Renzi fa bene all’Europa e all’EUR/USD?

Risale al 22 febbraio di quest’anno il passaggio di consegne tra l’ex premier Letta e l’attuale capo del governo in carica: Matteo Renzi. Come avrà reagito l’Europa e in particolare l’EUR/USD?

Come sempre quando si parla di politica, esistono più correnti di pensiero, che noi non abbiamo interesse ad esaminare. Dal punto di vista economico è indubbio che l’insediamento di Renzi abbia giovato all’Italia: lo spread tra btp e bund tedeschi è passato dai  196.784 punti del 22 febbraio ai 180.1969 punti di differenza registrati ieri.

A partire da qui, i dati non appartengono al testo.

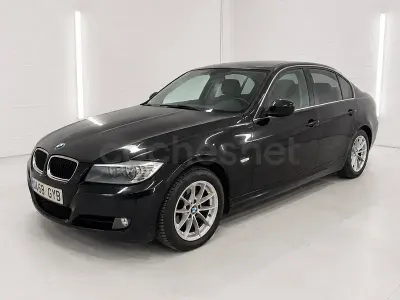 Usado BMW 318 143 CV (105 kW) 2010 Negro Berlina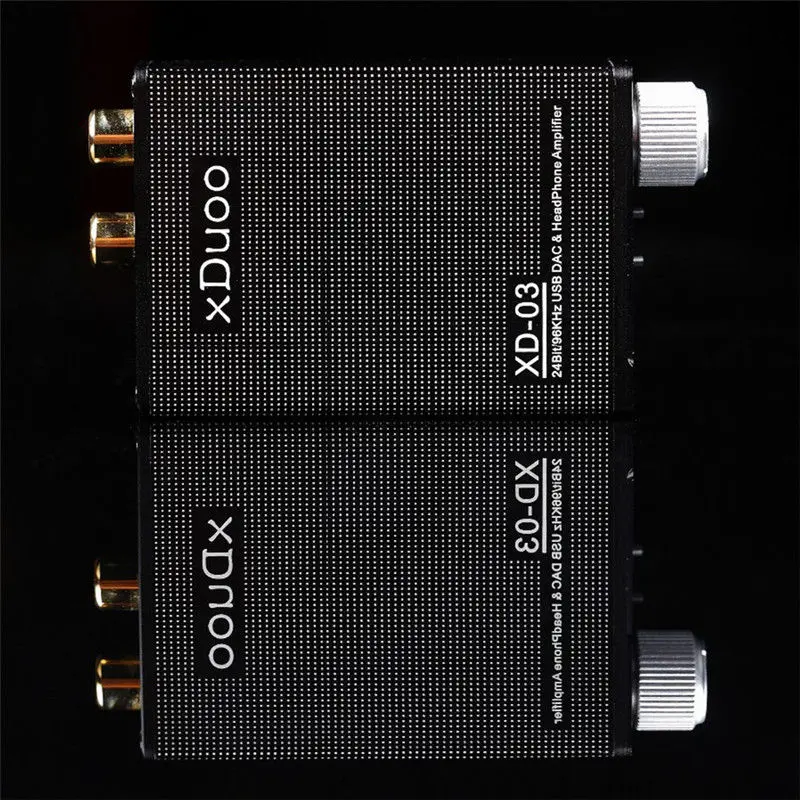 Original XDUOO XD 03 24Bit/94Khz USB DAC Headphone Amplifier High Performance Portable Universal Amplifier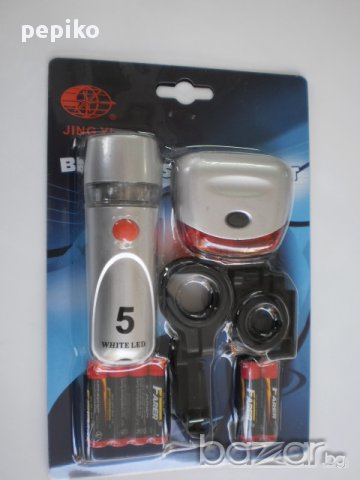 Продавам колела внос от Германия  електрическо фарче и стопче за велосипед , снимка 12 - Части за велосипеди - 10151043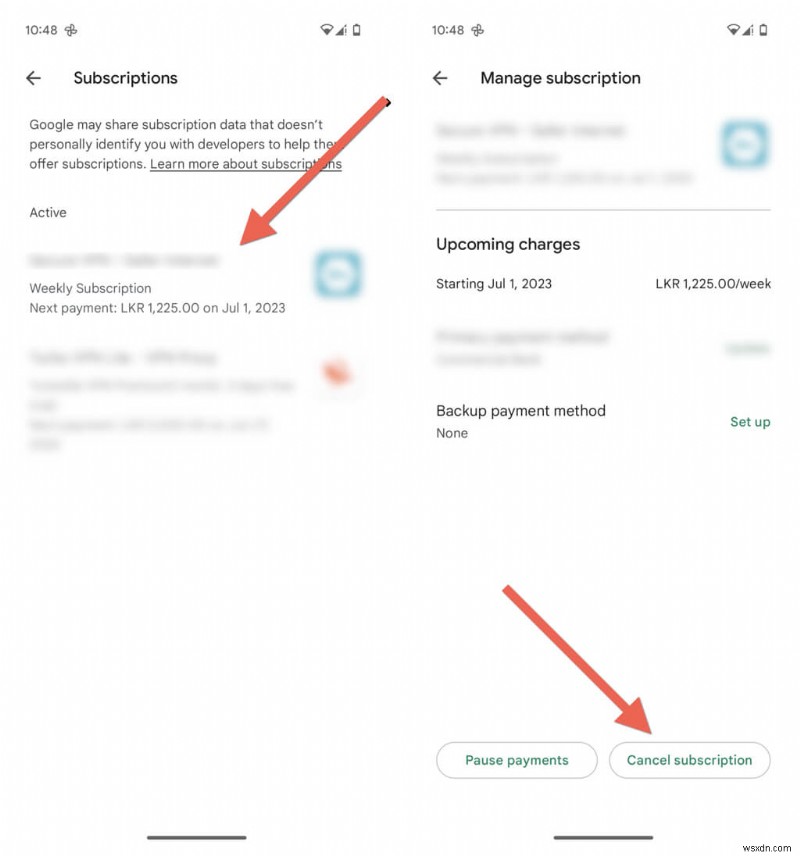 หยุดชั่วคราวหรือยกเลิกการสมัครสมาชิก Google Play ของคุณได้อย่างง่ายดายใน 5 ขั้นตอนง่ายๆ 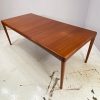 Extendable Teak Dining Table by H.W. Klein for Bramin - Image 2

Tuttavia, se è più che ovvio presumere che l’insediamento di un nuovo premier influenzi il mercato nazionale, possiamo ritenere che ciò modifichi anche l’equilibrio dell’EUR/USD? Analizziamo a tal fine le reazioni di alcuni mercati.

La reazione dell’EUR/USD

Al 20 febbraio, il cambio EUR/USD era pari a 1.3730. Il giorno dopo, il 21 febbraio, esso era lievemente sceso, attestandosi ad un valore pari a 1.3704. Nonostante questa iniziale perdita dell’euro nei confronti del dollaro, abbiamo nel medio periodo un rafforzamento della moneta unica: essa infatti si rafforza lentamente, arrivando a 1.3746 al 26 febbraio.

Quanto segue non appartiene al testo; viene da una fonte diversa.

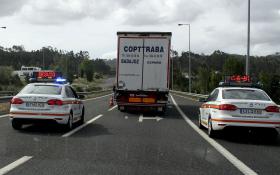 A1 CORTADA NOS DOIS SENTIDOS ENTRE COIMBRA NORTE E MEALHADA DEVIDO A INCÊNDIO FLORESTAL
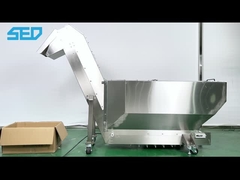 Máquina de elevación y alimentación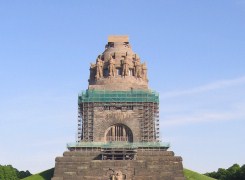 The Völkerschlachtdenkmal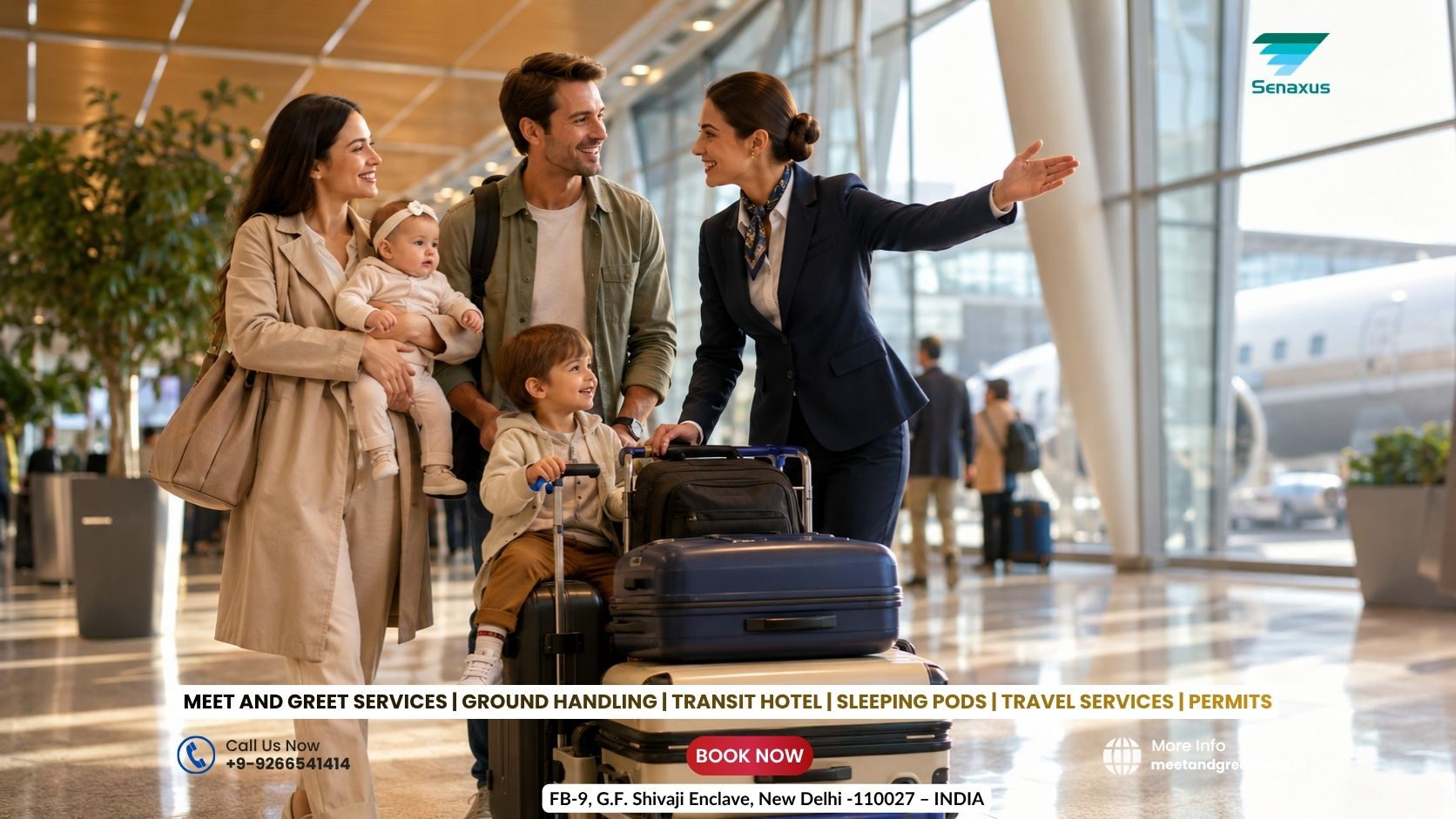 How Senaxus Air Makes Family Travel Easier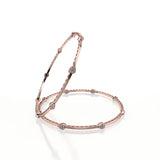 RAIN DROP DIAMOND BANGLE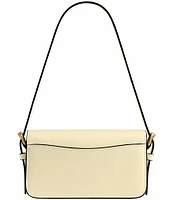 Coach Zoe Calf Leather Shoulder Bag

Tuttavia, dopo questa breve spirale positiva l’euro subisce un vero e proprio crollo, scendendo ad un valore di cambio pari a 1.3682 il 27 febbraio. Il 3 marzo, comunque, dopo una decisa ripresa della moneta unica, il tasso di cambio arriva fino ad 1.3777, valore in assoluto più positivo dell’ultimo mese.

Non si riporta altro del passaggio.